Beneficiaries covered by subsection (l)(a) are generally referred to as “creditor beneficiaries” while those covered by subsection (l)(b) are known as “donee beneficiaries.” Id. at 80 S.W.3d at 589. Plaintiff contends that it is a creditor beneficiary to the PSA and therefore has standing to sue for breach of the PSA.

Under Texas law, it is well-settled that the fact that a third party may receive a benefit from a contract to which it is not a party does not give that third party the right to bring action under the contract. MCI Telecomms. Corp. v. Texas Utils. Elec. Co., 995 S.W.2d 647, 651 (Tex. 1999). Moreover, the court cannot create a third-party beneficiary contract by implication. Id. Rather, “[t]he intention to con*703tract or confer a direct benefit to a third party must be clearly and fully spelled out or enforcement by the third party must be denied.” Id. The Texas Supreme Court recently reconfirmed that a third party may only enforce a contract when the parties to the contract entered the agreement with the clear and express intention of directly benefitting the third party. Tawes v. Barnes, 840 S.W.3d 419, 425 (Tex.2011) (citing MCI, 995 S.W.2d at 651). The Court explained, “in the absence of a clear and unequivocal expression of the contracting parties’ intent to directly benefit a third party, courts will not confer third-party beneficiary status by implication.” Id. Further, “[a]ll doubts must be resolved against conferring third-party beneficiary status.” Id.

The PSA clearly states in Section 9.9 that “[njothing in this Agreement, expressed or implied, is intended to confer on any other person other than the parties hereto or their respective successors and assigns, any rights, remedies, obligations or liabilities under or by reason of this Agreement.” (PSA, ¶ 9.9). See MCI, 995 S.W.2d at 651 (holding that provision in a contract that explicitly stated no benefits were conferred to non-signatories was clear and unambiguous). Accordingly, Plaintiff is expressly precluded from being a third-party beneficiary to the PSA under Texas law.

Because the court has found that Plaintiff has failed to state a plausible claim that FMC assumed the obligations of Gulf Resources in the PSA, the court need not address the arguments presented in Defendant’s Motion for Summary Judgment, or in the Alternative, for Partial Summary Judgment (D.E. 26).

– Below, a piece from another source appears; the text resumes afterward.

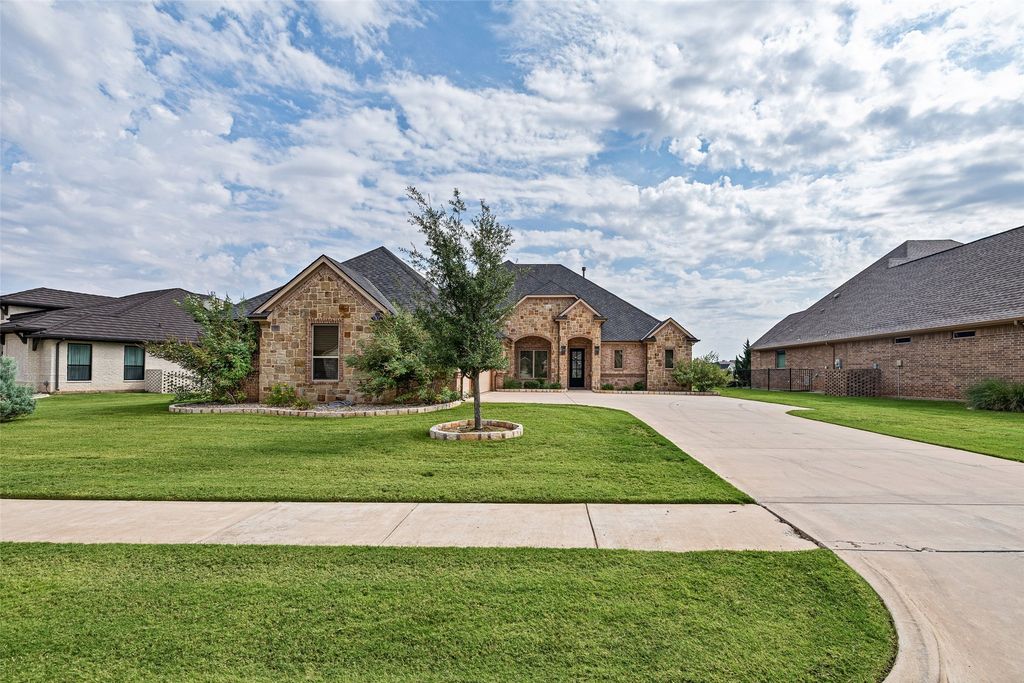 6341 Weatherby Road, Granbury, TX 76049 — photo 2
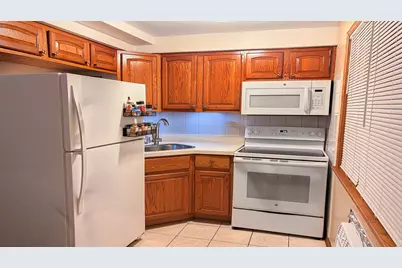 2330 N Harlem Avenue #1E, Elmwood Park, IL 60707 - Photo 3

IT IS THEREFORE ORDERED that Defendant’s Motion to Dismiss (D.E. 21) is hereby GRANTED;

IT IS FURTHER ORDERED that Defendant’s Motion for Summary Judgement, or in the Alternative, for Partial Summary Judgment (D.E. 26) is hereby DENIED AS MOOT; and Plaintiffs Motion for Summary Judgment, or in the Alternative, for Partial Summary Judgment (D.E. 28), is hereby DENIED.

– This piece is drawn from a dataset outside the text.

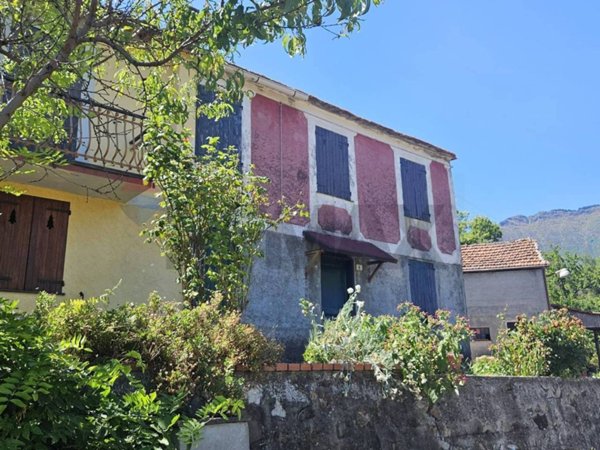 appartamento in vendita a San Colombano Certenoli in zona Cichero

. With occupational illnesses like asbestosis, North Carolina law provides that the workers' compensation insurance carrier on the last day of exposure bears the risk, but all carriers who provided coverage during the entirety of the employee’s employment and possible exposure must appear in and defend the claim until such time as it is determined that they are not the responsible carrier. See N.C. Gen.Stat. § 97-57.

. FMC vigorously contests that Northwestern was not aware of the sale of Lithium lo FMC until 2009.

. To the extent that Plaintiff is seeking to sue Defendant for breach of the Hold Harmless Agreement, this claim must likewise fail for the reason that Plaintiff cannot meet the most fundamental requirement of a breach of contract claim, as there is no contract between FMC and the Plaintiff.